Firefox has finally landed on Android. Yes, there has been an Android version of Firefox for more than a year now. But the new Firefox 14 is not just a new version, it's a complete rewrite, which probably justifies it using the 14 version number when the latest desktop version is Firefox 13.
Mozilla knew that it needed to compete in the mobile market if it wanted to stay relevant. But Firefox for Android was slow, not the least because it used a custom UI, based on XUL, just like the desktop Firefox.
But XUL was not going to cut it, so Mozilla decided to scrap the older Firefox entirely and build a new one. It's now complete and ready for your browsing pleasure.
The new Firefox 14 for Android, which might as well be called Firefox 1.0, uses a native UI, which means it's as responsive as any other app.
What's more, everything but the core, Gecko, has been rebuilt. One of the big improvements that Mozilla touts is in speed.
Not only is the UI faster, the browsing itself is significantly better. In fact, Mozilla reckons it's got the fastest browser on Android at the moment and it's got several benchmark results to prove it.
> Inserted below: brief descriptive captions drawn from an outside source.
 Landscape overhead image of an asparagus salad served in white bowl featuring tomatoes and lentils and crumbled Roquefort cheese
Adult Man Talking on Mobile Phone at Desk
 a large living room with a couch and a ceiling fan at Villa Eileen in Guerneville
Panning, zooming or simply rendering web content is now faster than ever.
The new UI follows Mozilla's more recent design trends, but it doesn't go over the top, for the most part it's functional and snappy.
"The new Awesome Screen powered by Firefox Sync delivers all your browsing history, bookmarks, passwords and form data to your Android phone," Mozilla explained.
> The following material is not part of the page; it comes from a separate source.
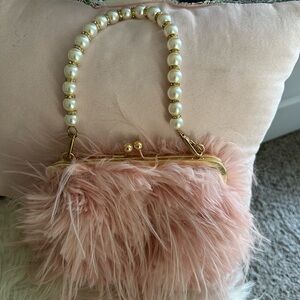 Luxurious Pink Fur Clutch with Pearl Handle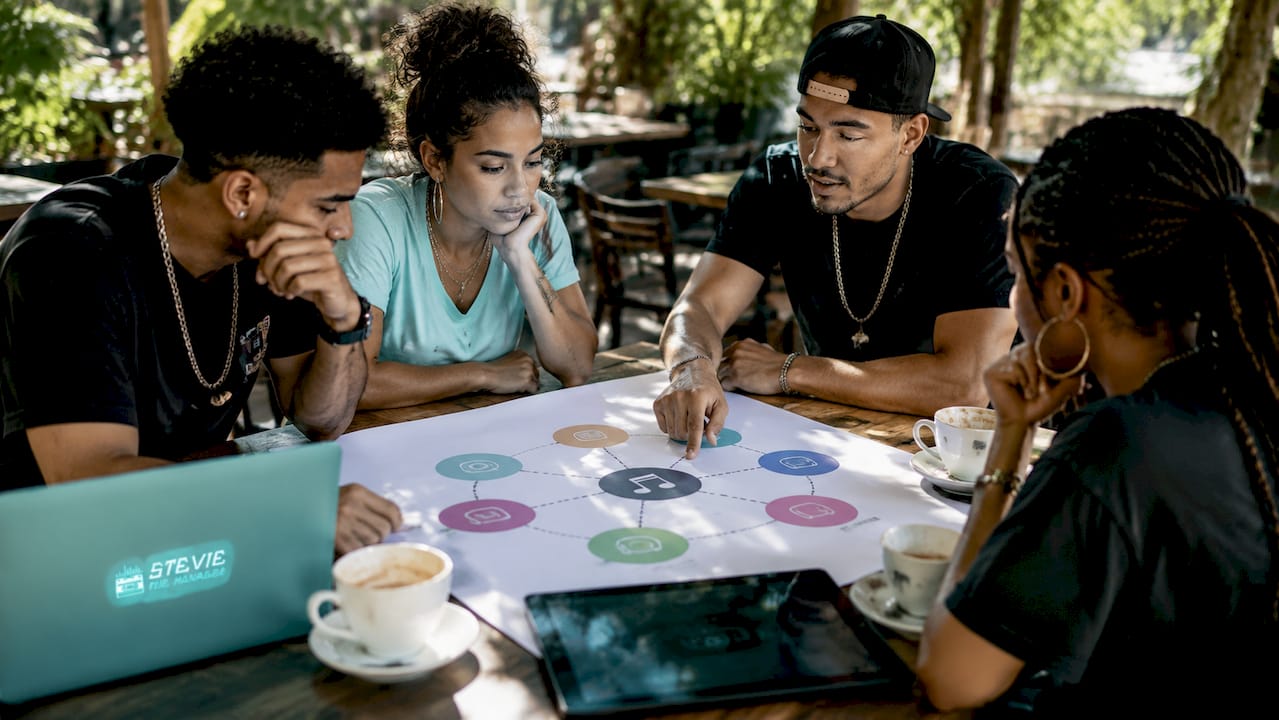 Team discussing music promotion channels over table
"We also optimized your favorite features like tabbed browsing, Firefox Sync and Firefox Add-ons to deliver the best mobile browsing experience possible," it added.
Another major addition is Flash, Firefox now supports the browser plugin across the board. That's actually a strange addition.
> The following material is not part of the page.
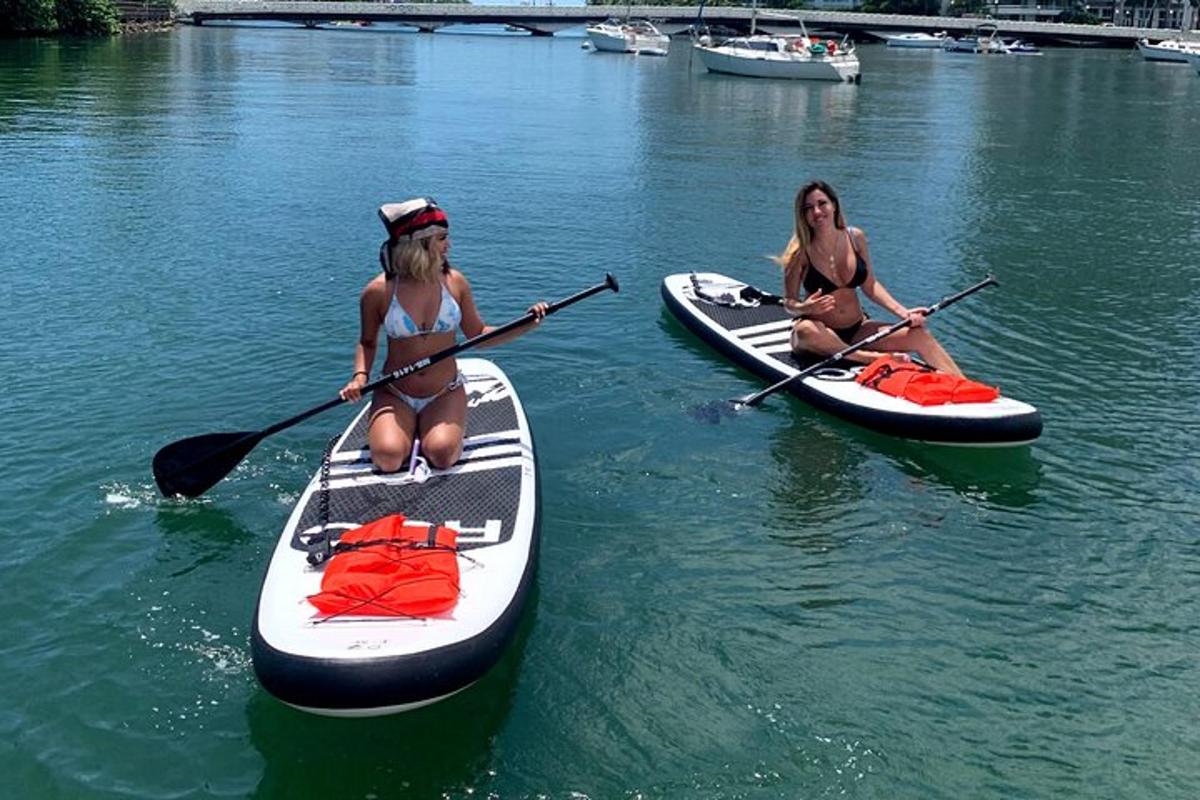 two women are sitting on kayaks in the water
Mozilla is no friend of Flash, or any closed web technologies. What's more, Adobe abandoned Flash on mobile altogether. Google's Chrome for Android has no support for Flash and never will.
There are plenty of improvements under the hood as well; Mozilla is a big proponent and supporter of open web standards. Unless you're a developer, what you need to know is that most of what's online today will work in Firefox for Android, even the most experimental stuff.